I can't imagine any kind of curvature condition which would work. I will use the phrase "standard examples" to refer to a space diffeomorphic to a sphere or projective space over $\mathbb{C},\mathbb{H}$ or $\mathbb{O}$. This are certainly the most well known examples of manifolds having the kinds of cohomology rings you are trying to avoid.

For example, one could demand negative/zero/positive sectional curvature. But the first two cases can't arise on a closed simply connected manifold, by Cartan-Hadamard Theorem. This leaves the case of positive sectional curvature - but then all of the standard examples admit such a metric.
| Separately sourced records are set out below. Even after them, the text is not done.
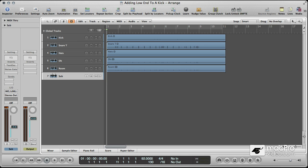Hey there folks, Toby here from MacProVideo. While I was doing a video for Drum Lab, I thought it would be a nice idea to do a quick video on drum compositing in general and kind of where it came from.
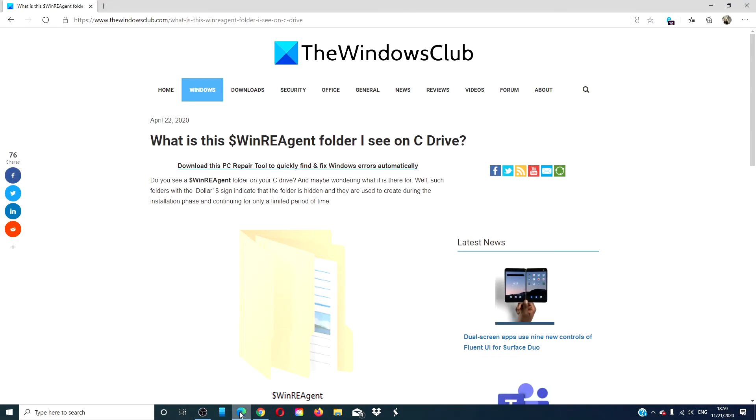For more information to help you maximize your Windows experience, go to our website thewindowsclub.com.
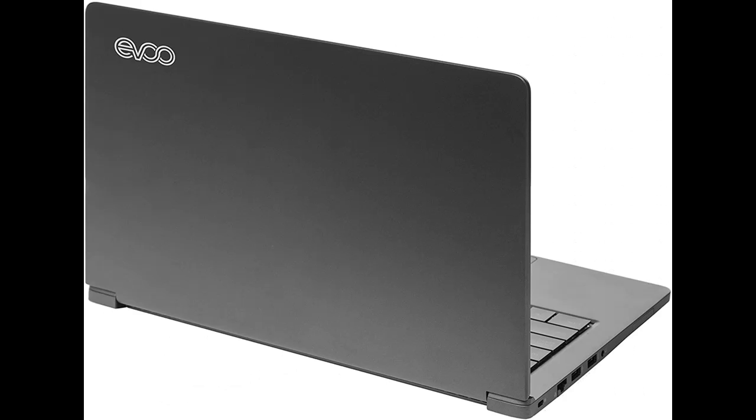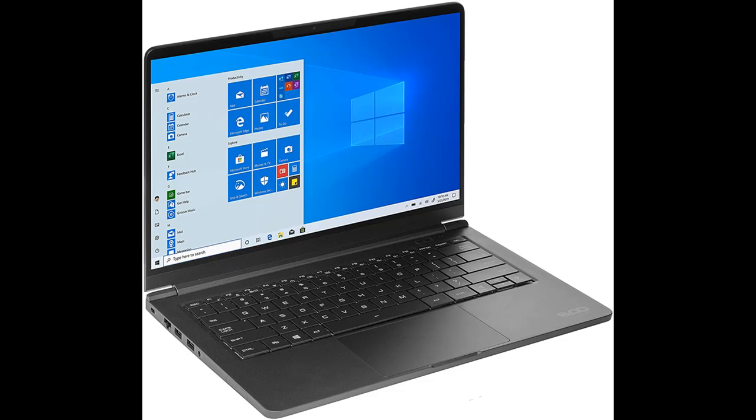The EVOO 14.1-Inch Ultra Slim Notebook Elite Series highlight features and overview summary are included.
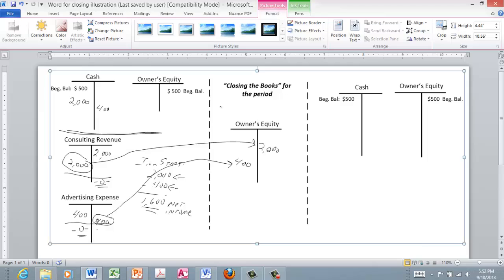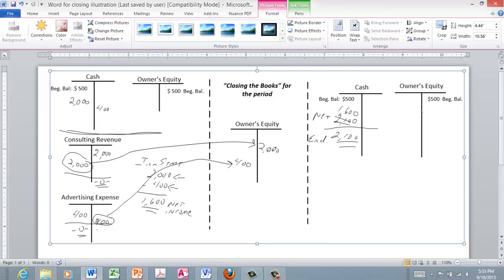After closing for the month, the beginning cash balance plus net activity — $2,000 revenue minus $400 expenses — gives a net increase of $1,600. The ending cash balance is $2,100. In owner's equity, we started with $500, had a net increase of $1,600, and end with $2,100 of owner's equity. Assets equal owner's equity, so we balance — and that constitutes the ending balance sheet.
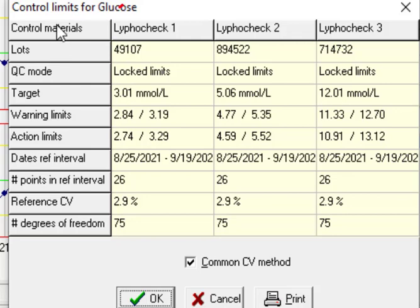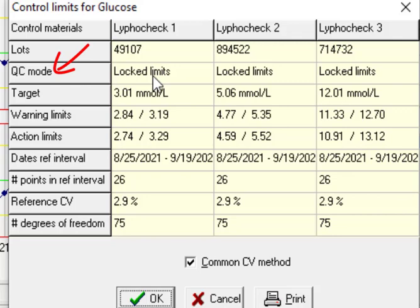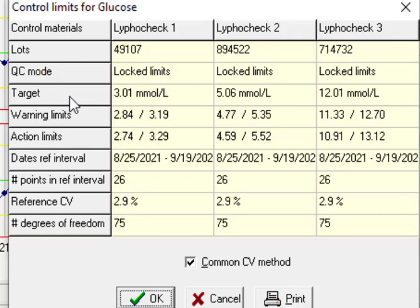Name of control materials that we define on parameters. Lock number, QC mode as I told before is for lock limits. Target that is the mean for a specific number of data.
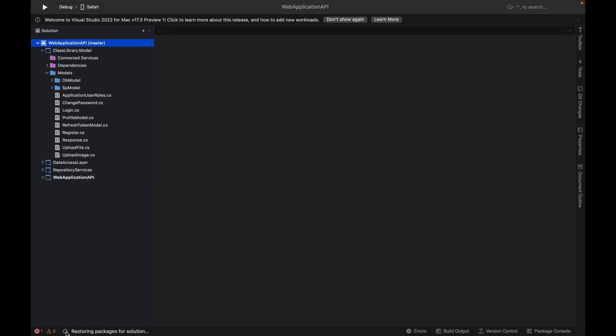So I hope you got the idea how you can clone the project from GitHub to Visual Studio for Mac. That is all guys in this video. Hope you liked it and don't forget to subscribe my channel. Thank you. Bye bye.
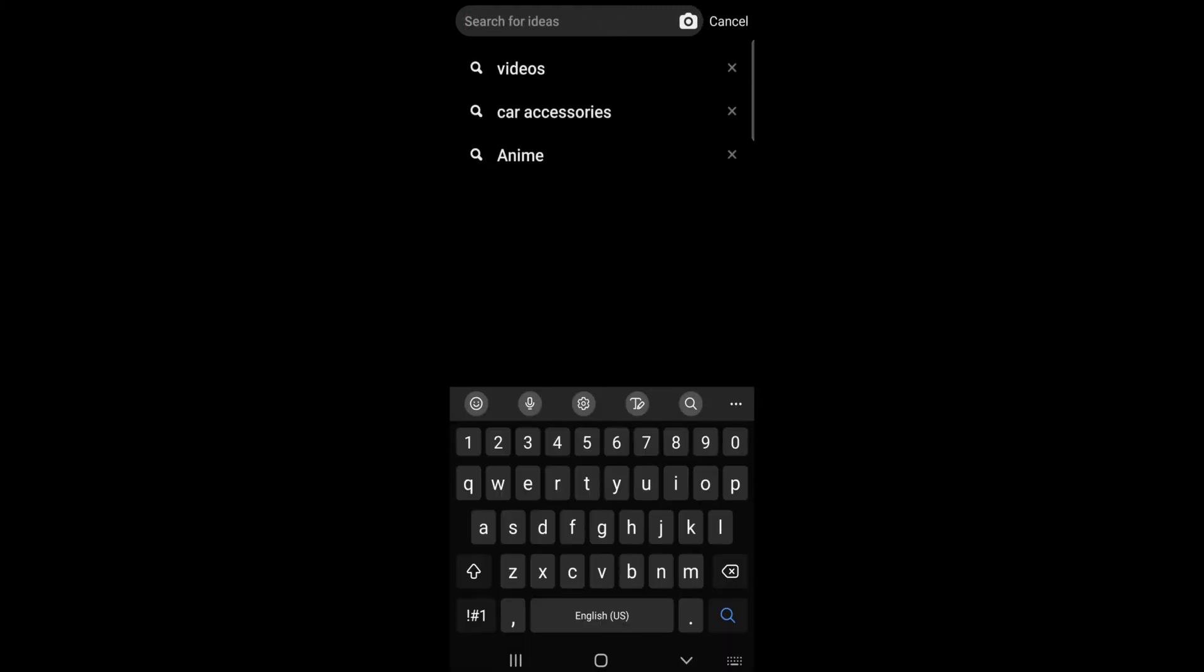You will be able to see your recent search list here. And that's how you view Pinterest history.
So, perhaps one could demand negative/zero/positive Ricci curvature. Again, in the positive case, all the standard examples admit such a metric. Further, Lohkamp has shown that every manifold of dimension at least $3$ admits a metric of negative Ricci curvature. And it seems to be open whether or not $S^n$ admits a Ricci flat metric (see this MO question). I do not know about Ricci flat metrics on any other space with singly generated rational cohomology.

Finally, in the realm of scalar curvature, all the standard examples admit metrics on positive scalar curvature. By Kazdan-Warner, they each admit scalar flat and scalar negative metrics.

To further complicate matters, there are known examples of exotic spheres which do not admit metrics of positive scalar curvature (so don't admit metrics of positive sectional or Ricci curvature). So it doesn't seem like any of the usual curvature conditions can limit the rational cohomology ring like you would like.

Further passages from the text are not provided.